Individualität macht attraktiv

Hohes Gehalt? Gute Entwicklungschancen? Oder doch die Nähe zum Wohnort? Warum sich Menschen für oder gegen einen Arbeitgeber entscheiden, liegt oft im Dunkeln.

Unternehmen wissen oft nicht genau, warum sich ihre Mitarbeiter für sie entschieden haben. Damit räumt die aktuelle Employer-Branding-Studie von StepStone Österreich nun auf: Sie zeigt, welche Faktoren ausschlaggebend dafür sind, dass ein Arbeitgeber als attraktiv wahrgenommen wird – und mit welchen Maßnahmen welche Zielgruppen angesprochen werden können.
Sehnsucht nach Wertschätzung
Das Wichtigste vorneweg: Statt »klassischen« Faktoren wie Gehalt, Karriere oder Benefits wie Firmenwagen und Sportklub-Abo wiegen die menschlichen Faktoren mittlerweile schwerer bei der Entscheidung für oder gegen einen Arbeitgeber.
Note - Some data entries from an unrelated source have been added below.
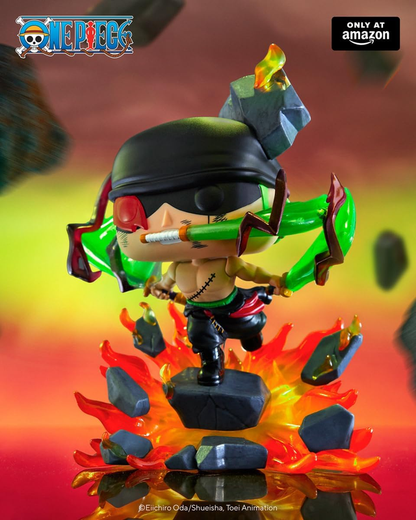 Funko Pop! Premium: One Piece - Roronoa Zoro - King of Hell - Figure # 2151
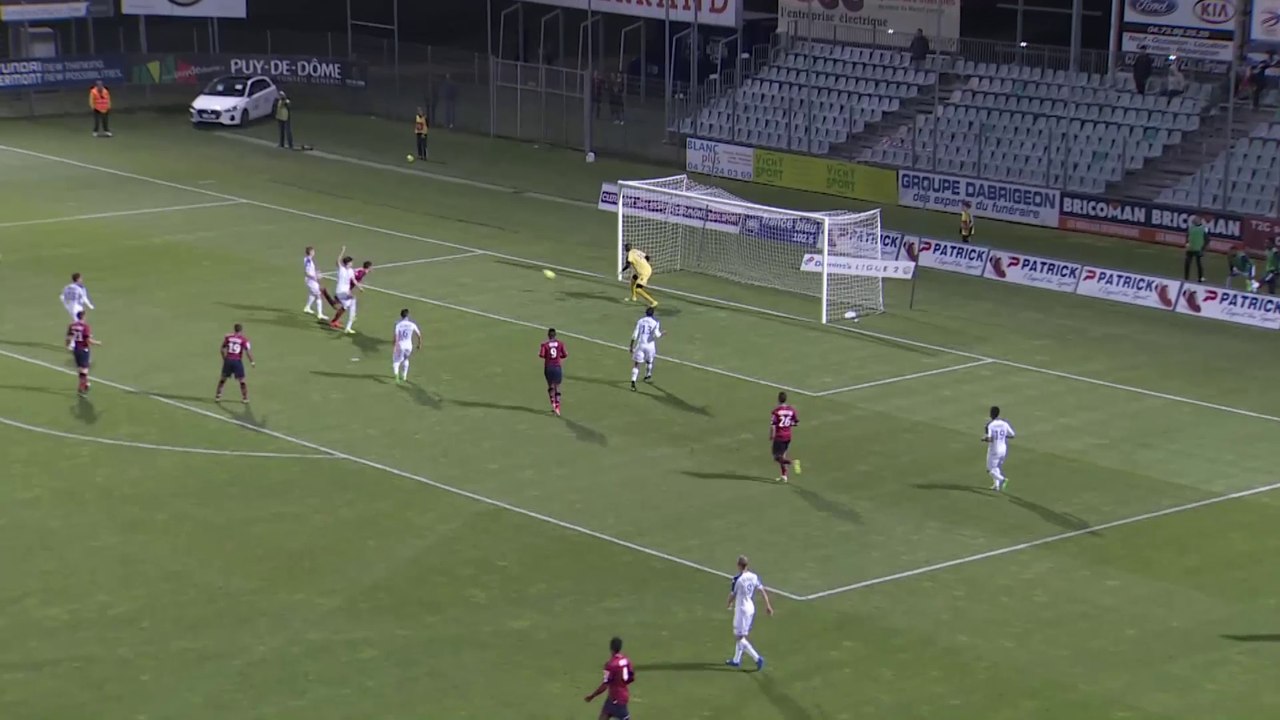 J34: Clermont - Troyes (1-1)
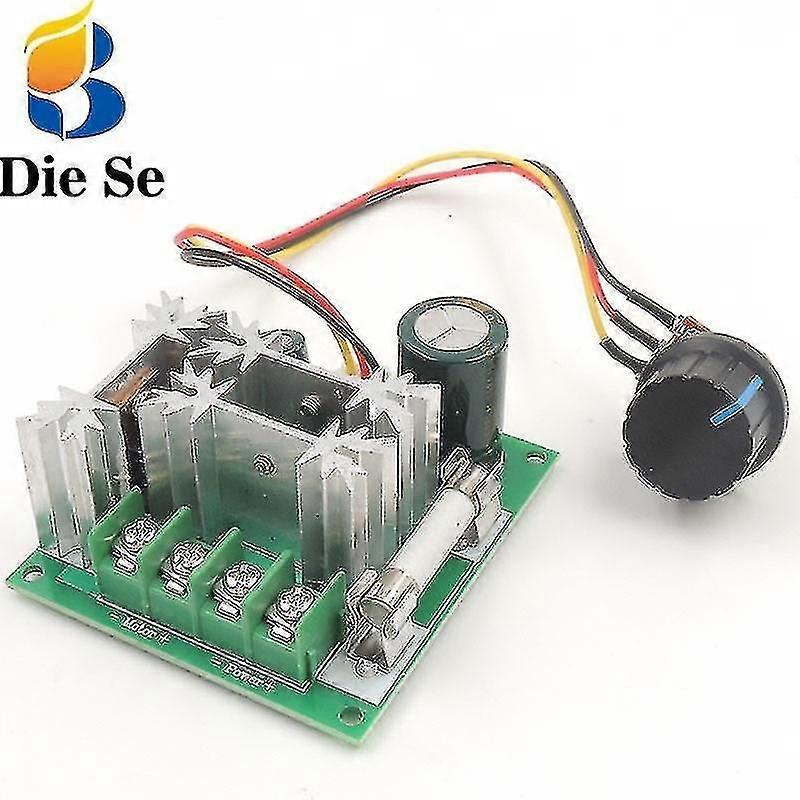 1000w Dc 6v~90v Voltage Regulator Dimmer Electric Motor Speed Controller Electronic Volt Continuously Variable Transformer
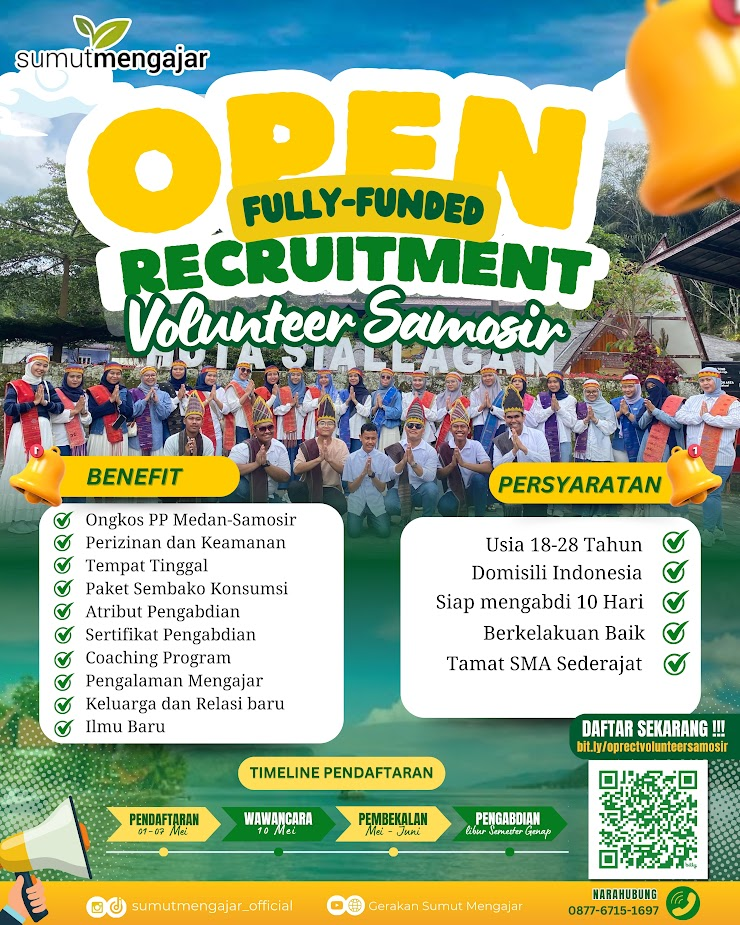 Rekrutmen Sumut Mengajar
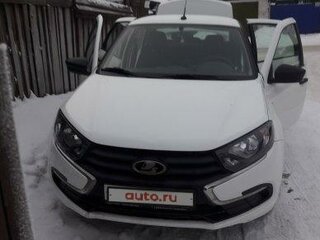 2020 Lada (ВАЗ) Granta I Рестайлинг, белый, 650000 рублей, вид 1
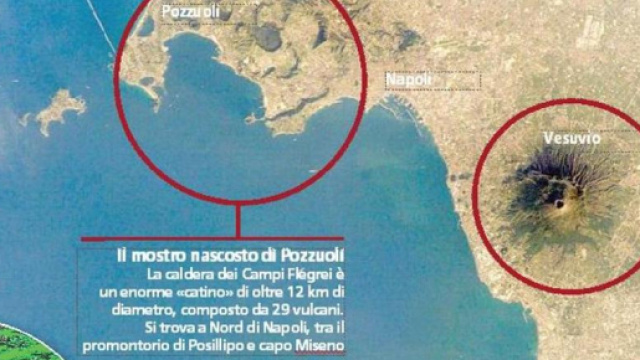 Campi Flegrei / Supervulcano - nibiru2012.it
Vor allem wertschätzender Umgang und die gute Stimmung im Team sind es, die einen Arbeitsplatz attraktiv erscheinen lassen, zeigt die Studie: So sind 75 % aller Befragten davon überzeugt, dass der respektvolle Umgang mit Mitarbeitern die Firma auch über die Unternehmensgrenzen hinweg zu einem vielversprechenden Arbeitgeber machen, der Kandidaten und Bewerber durch den menschlichen Umgang mit seinen Mitarbeitern anspricht und an Bord holt.
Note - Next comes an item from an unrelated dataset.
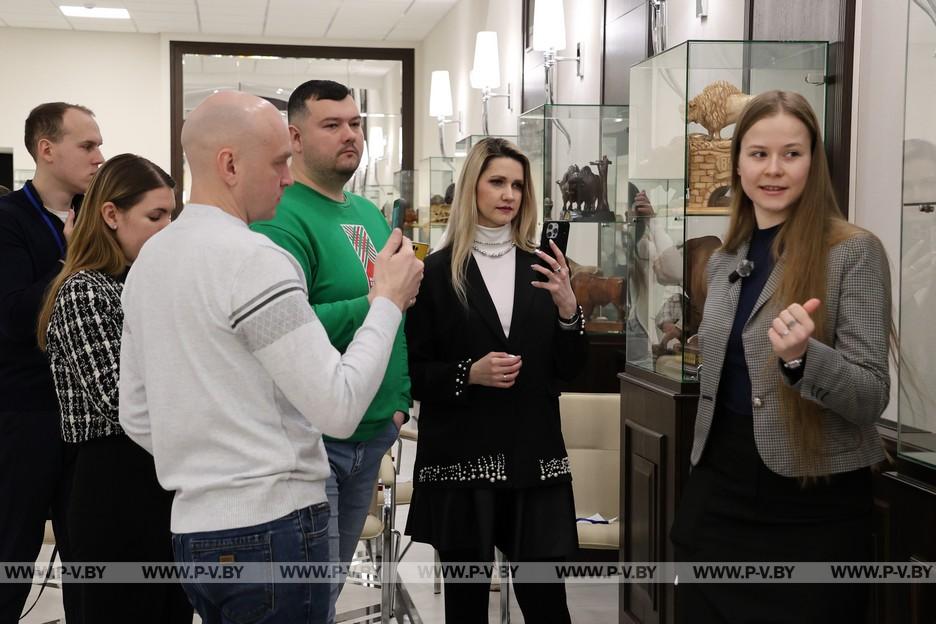 Каким блогеры увидели зимний Брест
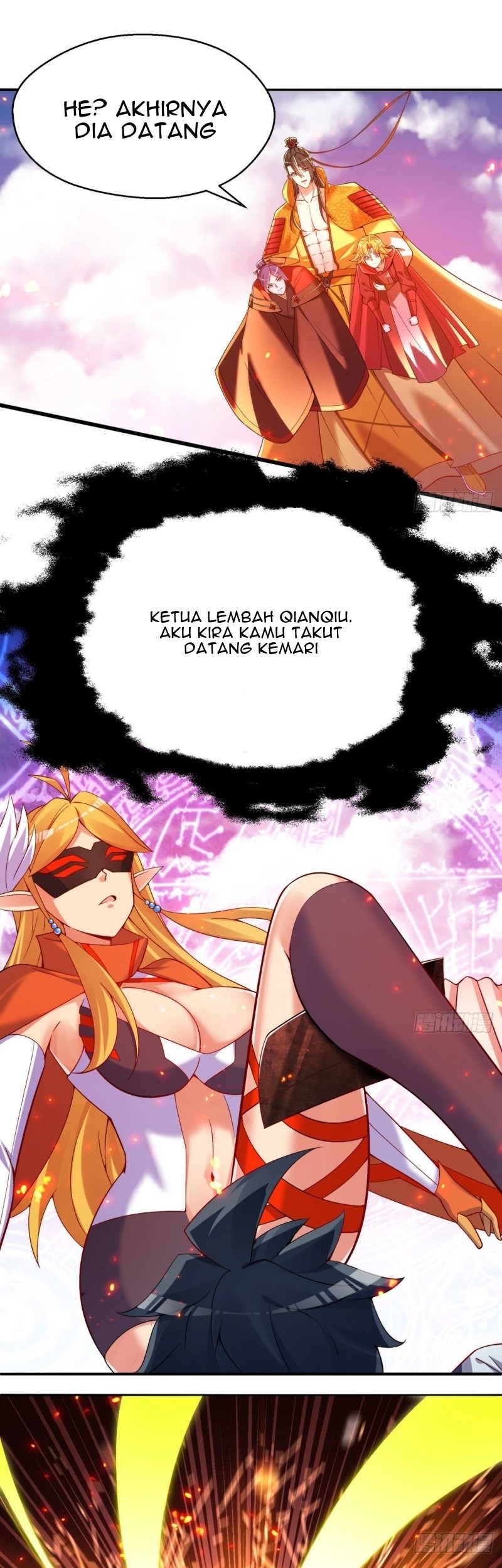 I Picked Up An Attribute chapter 63 halaman 35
Aber nicht nur mit den Kollegen, auch mit dem Chef muss die Chemie stimmen: Knapp zwei Drittel aller Studienteilnehmer wollen mit Chefs zusammenarbeiten, die ihr Team gut behandeln. Das fordert von Unternehmen vor allem bei der Auswahl und Ausbildung von Führungskräften, ein sicheres Händchen zu beweisen. Die Belegschaft verlangt nach kompetenten, einfühlsamen und sympathischen Vorgesetzten, die mehr Coach sind als Befehlsgeber und auf die individuellen Bedürfnisse ihrer Teammitglieder eingehen.
Jobsicherheit
In Zeiten volatiler Arbeitsmärkte zeigt die Studie zudem eines ganz deutlich: Der Arbeitsplatz soll sicher sein. Jobsicherheit stufen 63 % aller Befragten als relevant für die Anziehungskraft eines Arbeitgebers ein – noch vor dem wirtschaftlichen Erfolg eines Unternehmens (33 %). Das Problem kennt man auch aus Start-ups: Auch wenn die Firma gerade einen PR-Höhenflug hinlegt, muss die Substanz stimmen. Unsichere Arbeitsplätze, befristete Verträge oder prekäre Dienstverhältnisse sind kaum dazu angetan, den langfristigen wirtschaftlichen Erfolg eines Unternehmens zu sichern – und wirken sich auch negativ auf die Employer Brand aus, wenn Kandidaten und Top-Talente nach sicheren Arbeitsplätzen suchen.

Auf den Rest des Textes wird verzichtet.